ASTANA, May 29 (Reuters) - The presidents of Russia, Kazakhstan and Belarus signed a treaty on Thursday creating a vast trading bloc which they hope will challenge the economic might of the United States, the European Union and China.
The treaty forging the Eurasian Economic Union will come into force on Jan. 1, once it has passed the formality of being approved by the three former Soviet republics’ parliaments.
“Our meeting today of course has a special and, without exaggeration, an epoch-making significance,” Russian President Vladimir Putin said shortly before the treaty was signed in the Kazakh capital, Astana.
Kazakh President Nursultan Nazarbayev said he saw the new union as “a bridge between the East and the West”.
Putin, whose hopes of securing a place in history with the union have been dented by Ukraine’s refusal to join, denies the union is an attempt to recreate the Soviet empire which collapsed in 1991.
The new union’s three countries have a combined population of more than 170 million people, and a gross domestic product between them of around $2.7 trillion.
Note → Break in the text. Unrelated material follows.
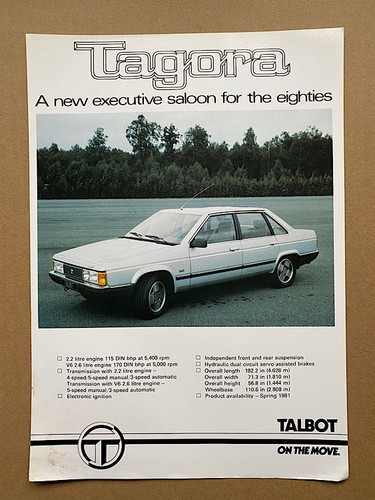 Talbot tagora brochure 1980 - talbot,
Kazakhstan and Russia are both oil producers.
The treaty deepens the ties forged when the three countries took the initial step of creating a customs union in 2010. It will guarantee free transit of goods, services, capital and workforce and coordinate policy for major economic sectors.
Ukraine opted not to join the union after its Moscow-leaning president was ousted in February, and its relations with Moscow are severely strained following Russia’s annexation of Crimea.
Other former Soviet republics have also refused to sign up for the union, although Armenia and Kyrgyzstan are considering joining. (Additional reporting by Dmitry Solovyov in Almaty, Writing by Timothy Heritage, Editing by Elizabeth Piper)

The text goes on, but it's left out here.